Wie die Mitteldeutsche Zeitung berichtet, bereiten Diebe in der Belegschaft bei Zustellunternehmen bundesweit zunehmend Probleme. Allein in Sachsen-Anhalt wurden in den vergangenen Monaten mehr als ein Dutzend Fälle registriert. Laut MZ hat es 2016 in neun Fällen Hinweise und einen begründeten Verdacht gegen Mitarbeiter verschiedener Zustellfirmen gegeben. Auch in Sachsen wird nach Aussage der Polizeisprecherin Maria Braunsdorf „regelmäßig“ ermittelt. Im bayerischen Augsburg ermittelt die Kriminalpolizei aktuell auch gegen mehrere Tatverdächtige, die als selbstständige Fahrer für ein großes Logistikunternehmen arbeiten und „nebenher“ wohl eigene unerlaubte Geschäfte abwickeln. Zur Anzahl der Ermittlungen und zu deren Stand wollte die Augsburger Polizei aufgrund der laufenden Ermittlungen jedoch keine Auskunft geben.

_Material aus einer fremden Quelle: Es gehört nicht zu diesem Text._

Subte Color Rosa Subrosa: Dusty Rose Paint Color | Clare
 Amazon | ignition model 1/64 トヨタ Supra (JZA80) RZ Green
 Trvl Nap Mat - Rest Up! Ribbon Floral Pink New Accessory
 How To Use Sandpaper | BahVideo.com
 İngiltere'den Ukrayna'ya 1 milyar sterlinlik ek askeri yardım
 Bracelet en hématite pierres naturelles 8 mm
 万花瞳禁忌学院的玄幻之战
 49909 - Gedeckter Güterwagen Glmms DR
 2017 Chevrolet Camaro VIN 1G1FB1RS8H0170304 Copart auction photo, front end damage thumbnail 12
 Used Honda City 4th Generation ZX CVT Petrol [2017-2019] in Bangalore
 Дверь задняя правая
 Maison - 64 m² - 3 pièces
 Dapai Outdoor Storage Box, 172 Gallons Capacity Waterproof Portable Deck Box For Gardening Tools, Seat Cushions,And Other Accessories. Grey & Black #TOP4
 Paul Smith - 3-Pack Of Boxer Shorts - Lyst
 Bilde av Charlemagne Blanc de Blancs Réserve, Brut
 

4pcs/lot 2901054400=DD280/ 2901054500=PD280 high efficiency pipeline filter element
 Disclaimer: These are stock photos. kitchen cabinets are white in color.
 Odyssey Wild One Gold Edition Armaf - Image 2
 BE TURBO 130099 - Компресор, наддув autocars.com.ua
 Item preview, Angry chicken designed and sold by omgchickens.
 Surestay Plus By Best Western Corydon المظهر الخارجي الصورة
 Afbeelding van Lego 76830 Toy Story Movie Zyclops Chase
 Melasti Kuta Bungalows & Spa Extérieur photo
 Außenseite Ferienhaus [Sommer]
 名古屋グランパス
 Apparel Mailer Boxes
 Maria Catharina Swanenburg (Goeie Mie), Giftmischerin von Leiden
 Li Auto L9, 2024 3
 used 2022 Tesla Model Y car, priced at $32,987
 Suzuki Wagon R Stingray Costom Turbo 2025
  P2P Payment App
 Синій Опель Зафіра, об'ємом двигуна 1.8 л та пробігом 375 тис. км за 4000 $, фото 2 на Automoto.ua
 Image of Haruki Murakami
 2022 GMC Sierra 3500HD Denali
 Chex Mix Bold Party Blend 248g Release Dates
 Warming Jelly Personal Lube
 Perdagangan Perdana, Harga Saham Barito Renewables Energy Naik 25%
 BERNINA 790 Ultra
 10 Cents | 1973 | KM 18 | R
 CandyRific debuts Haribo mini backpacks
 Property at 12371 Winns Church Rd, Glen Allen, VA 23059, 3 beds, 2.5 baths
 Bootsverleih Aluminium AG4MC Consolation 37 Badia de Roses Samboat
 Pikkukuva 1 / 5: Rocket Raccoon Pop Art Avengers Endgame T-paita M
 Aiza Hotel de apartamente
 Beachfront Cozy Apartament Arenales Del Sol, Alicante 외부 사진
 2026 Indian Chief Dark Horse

51 Betrugsfälle in drei Jahren

Allerdings konnte die Augsburger Polizei zuletzt einen Erfolg in puncto Paketbetrug verbuchen. Der straffällig gewordene Paketbote setzte dabei auf die mittlerweile übliche Masche, bei Online-Händlern mit Nachnamen und Adressen von Menschen, deren Wohnorte auf den regelmäßigen Routen als Paketfahrer lagen, auf Rechnung einzukaufen. Trafen die Pakete zur Auslieferung bei ihm ein, bestätigte er die Auslieferung an den Kunden mit gefälschter Unterschrift und behielt die Ware, vornehmlich Kleidung, Schuhe, Spielzeug und Windeln, für sich. Der Gesamtwert des Schadens beläuft sich auf über 5.000 Euro, berichtet die Augsburger Allgemeine. Besonders erstaunlich: Es dauerte drei Jahre, bis der Betrug auffiel. Die vermeintlichen Online-Shopper hatten sich bei der Polizei in Augsburg und vor allem Landkreis Aichach-Friedberg gemeldet, weil ihnen die Online-Händler wegen den offenen Rechnungen mit rechtlichen Schritten drohten. Erst da wurde offensichtlich, dass jemand im Namen der Betroffenen Waren bestellt hatte.

Der Paketbote zeigte sich vor dem Amtsgericht geständig und räumte 51 Betrugsfälle ein. Um einer möglichen Gefängnisstrafe zu entgehen, erzählte der Paketbote zudem davon, dass unter den Fahrern regelmäßig Tipps ausgetauscht werden, wie man im Netz kostenlos bestellen könnte. Die Polizei, so berichtet die Augsburger Allgemeine, sieht hier vor allem Handlungsbedarf bei den Online-Händlern. Gerade der Kauf auf Rechnung und eine mangelhafte Überprüfung der Adressen der Kunden macht es Betrügern sehr einfach.

Durch sein umfangreiches Geständnis muss der Paketbote nicht ins Gefängnis. Das Gericht verurteile ihn zu einer Bewährungsstrafe von eineinhalb Jahren. Zudem muss der Verurteilte den verursachten Betrugsschaden in monatlichen Raten von 100 Euro erstatten.